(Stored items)

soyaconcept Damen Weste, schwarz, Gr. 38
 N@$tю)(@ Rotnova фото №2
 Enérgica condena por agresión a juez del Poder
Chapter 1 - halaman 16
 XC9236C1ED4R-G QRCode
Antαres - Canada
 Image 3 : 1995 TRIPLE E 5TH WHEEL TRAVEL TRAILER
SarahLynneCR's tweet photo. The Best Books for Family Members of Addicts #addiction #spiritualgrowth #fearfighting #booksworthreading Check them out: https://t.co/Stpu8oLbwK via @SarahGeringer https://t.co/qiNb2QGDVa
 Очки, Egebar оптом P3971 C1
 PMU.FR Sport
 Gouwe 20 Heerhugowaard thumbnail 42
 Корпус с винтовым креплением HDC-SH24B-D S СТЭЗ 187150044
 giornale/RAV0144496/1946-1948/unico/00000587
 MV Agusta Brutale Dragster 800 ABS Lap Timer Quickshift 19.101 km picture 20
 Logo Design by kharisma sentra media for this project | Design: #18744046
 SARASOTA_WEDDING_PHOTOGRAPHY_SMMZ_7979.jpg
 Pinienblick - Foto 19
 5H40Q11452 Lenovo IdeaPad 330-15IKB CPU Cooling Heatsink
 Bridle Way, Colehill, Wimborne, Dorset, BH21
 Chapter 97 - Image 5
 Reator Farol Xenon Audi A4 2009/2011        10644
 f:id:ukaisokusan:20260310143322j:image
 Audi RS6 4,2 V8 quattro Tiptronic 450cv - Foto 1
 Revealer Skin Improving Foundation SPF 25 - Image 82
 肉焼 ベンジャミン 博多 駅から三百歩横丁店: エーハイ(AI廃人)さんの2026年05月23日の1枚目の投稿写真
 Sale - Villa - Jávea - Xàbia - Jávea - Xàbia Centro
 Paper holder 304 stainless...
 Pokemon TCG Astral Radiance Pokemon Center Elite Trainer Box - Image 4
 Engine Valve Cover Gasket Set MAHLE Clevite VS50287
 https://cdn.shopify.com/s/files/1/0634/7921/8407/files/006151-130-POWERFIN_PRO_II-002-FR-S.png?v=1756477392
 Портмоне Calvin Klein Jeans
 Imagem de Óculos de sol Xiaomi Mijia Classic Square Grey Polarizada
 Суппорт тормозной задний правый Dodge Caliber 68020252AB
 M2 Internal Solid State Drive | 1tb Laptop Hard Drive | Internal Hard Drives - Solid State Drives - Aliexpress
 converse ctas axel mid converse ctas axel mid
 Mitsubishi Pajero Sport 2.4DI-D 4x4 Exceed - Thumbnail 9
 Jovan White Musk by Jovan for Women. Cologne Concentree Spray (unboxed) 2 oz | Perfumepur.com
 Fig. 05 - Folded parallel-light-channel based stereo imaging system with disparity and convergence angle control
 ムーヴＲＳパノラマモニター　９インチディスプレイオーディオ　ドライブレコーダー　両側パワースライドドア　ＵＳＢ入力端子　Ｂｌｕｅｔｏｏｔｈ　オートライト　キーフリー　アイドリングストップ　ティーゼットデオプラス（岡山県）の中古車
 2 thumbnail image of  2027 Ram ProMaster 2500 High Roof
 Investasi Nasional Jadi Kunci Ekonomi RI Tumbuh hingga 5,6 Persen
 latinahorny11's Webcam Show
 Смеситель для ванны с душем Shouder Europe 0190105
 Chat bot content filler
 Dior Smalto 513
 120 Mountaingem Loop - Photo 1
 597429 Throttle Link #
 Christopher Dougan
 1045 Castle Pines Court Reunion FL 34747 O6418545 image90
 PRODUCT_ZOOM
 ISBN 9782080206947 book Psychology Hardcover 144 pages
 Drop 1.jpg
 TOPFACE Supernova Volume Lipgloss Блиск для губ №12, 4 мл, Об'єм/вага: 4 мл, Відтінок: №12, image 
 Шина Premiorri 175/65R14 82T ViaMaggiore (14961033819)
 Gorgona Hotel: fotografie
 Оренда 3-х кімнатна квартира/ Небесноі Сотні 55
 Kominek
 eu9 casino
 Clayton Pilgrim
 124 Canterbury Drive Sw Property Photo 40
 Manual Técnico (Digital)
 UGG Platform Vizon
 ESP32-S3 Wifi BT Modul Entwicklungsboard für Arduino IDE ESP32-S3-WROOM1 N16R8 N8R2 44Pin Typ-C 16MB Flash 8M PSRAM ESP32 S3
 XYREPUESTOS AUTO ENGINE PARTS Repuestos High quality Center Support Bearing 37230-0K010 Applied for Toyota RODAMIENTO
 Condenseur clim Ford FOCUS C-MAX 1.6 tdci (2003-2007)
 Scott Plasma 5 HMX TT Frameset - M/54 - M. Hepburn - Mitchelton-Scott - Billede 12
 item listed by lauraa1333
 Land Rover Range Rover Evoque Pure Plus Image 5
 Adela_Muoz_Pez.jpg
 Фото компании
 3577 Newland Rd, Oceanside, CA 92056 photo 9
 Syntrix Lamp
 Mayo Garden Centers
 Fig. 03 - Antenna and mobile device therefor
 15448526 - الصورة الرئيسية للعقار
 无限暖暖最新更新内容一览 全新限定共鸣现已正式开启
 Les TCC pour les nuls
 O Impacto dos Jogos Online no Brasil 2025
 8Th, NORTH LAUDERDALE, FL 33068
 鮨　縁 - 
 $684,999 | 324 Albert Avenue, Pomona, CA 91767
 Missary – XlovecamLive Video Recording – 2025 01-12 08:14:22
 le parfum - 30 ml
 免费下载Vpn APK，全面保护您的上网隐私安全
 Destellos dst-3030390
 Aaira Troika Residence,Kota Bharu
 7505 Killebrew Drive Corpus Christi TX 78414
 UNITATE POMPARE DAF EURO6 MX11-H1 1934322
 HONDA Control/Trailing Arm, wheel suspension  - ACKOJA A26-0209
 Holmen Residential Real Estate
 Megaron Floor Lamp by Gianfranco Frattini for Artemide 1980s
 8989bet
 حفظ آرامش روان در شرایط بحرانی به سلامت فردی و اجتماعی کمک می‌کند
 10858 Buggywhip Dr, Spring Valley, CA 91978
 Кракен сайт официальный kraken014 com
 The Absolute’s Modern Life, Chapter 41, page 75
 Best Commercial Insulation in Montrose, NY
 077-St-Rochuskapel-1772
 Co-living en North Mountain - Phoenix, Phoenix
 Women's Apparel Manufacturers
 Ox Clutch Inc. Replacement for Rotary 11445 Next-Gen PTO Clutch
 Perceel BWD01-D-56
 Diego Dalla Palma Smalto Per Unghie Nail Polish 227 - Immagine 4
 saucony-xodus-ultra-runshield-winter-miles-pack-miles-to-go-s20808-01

■ What the task requires: The lines above from the one with "120 Mountaingem Loop - Photo 1" through the one with "Condenseur clim Ford" are to be duplicated exactly, ends included, with nothing added.

■ Finished task:
 120 Mountaingem Loop - Photo 1
 597429 Throttle Link #
 Christopher Dougan
 1045 Castle Pines Court Reunion FL 34747 O6418545 image90
 PRODUCT_ZOOM
 ISBN 9782080206947 book Psychology Hardcover 144 pages
 Drop 1.jpg
 TOPFACE Supernova Volume Lipgloss Блиск для губ №12, 4 мл, Об'єм/вага: 4 мл, Відтінок: №12, image 
 Шина Premiorri 175/65R14 82T ViaMaggiore (14961033819)
 Gorgona Hotel: fotografie
 Оренда 3-х кімнатна квартира/ Небесноі Сотні 55
 Kominek
 eu9 casino
 Clayton Pilgrim
 124 Canterbury Drive Sw Property Photo 40
 Manual Técnico (Digital)
 UGG Platform Vizon
 ESP32-S3 Wifi BT Modul Entwicklungsboard für Arduino IDE ESP32-S3-WROOM1 N16R8 N8R2 44Pin Typ-C 16MB Flash 8M PSRAM ESP32 S3
 XYREPUESTOS AUTO ENGINE PARTS Repuestos High quality Center Support Bearing 37230-0K010 Applied for Toyota RODAMIENTO
 Condenseur clim Ford FOCUS C-MAX 1.6 tdci (2003-2007)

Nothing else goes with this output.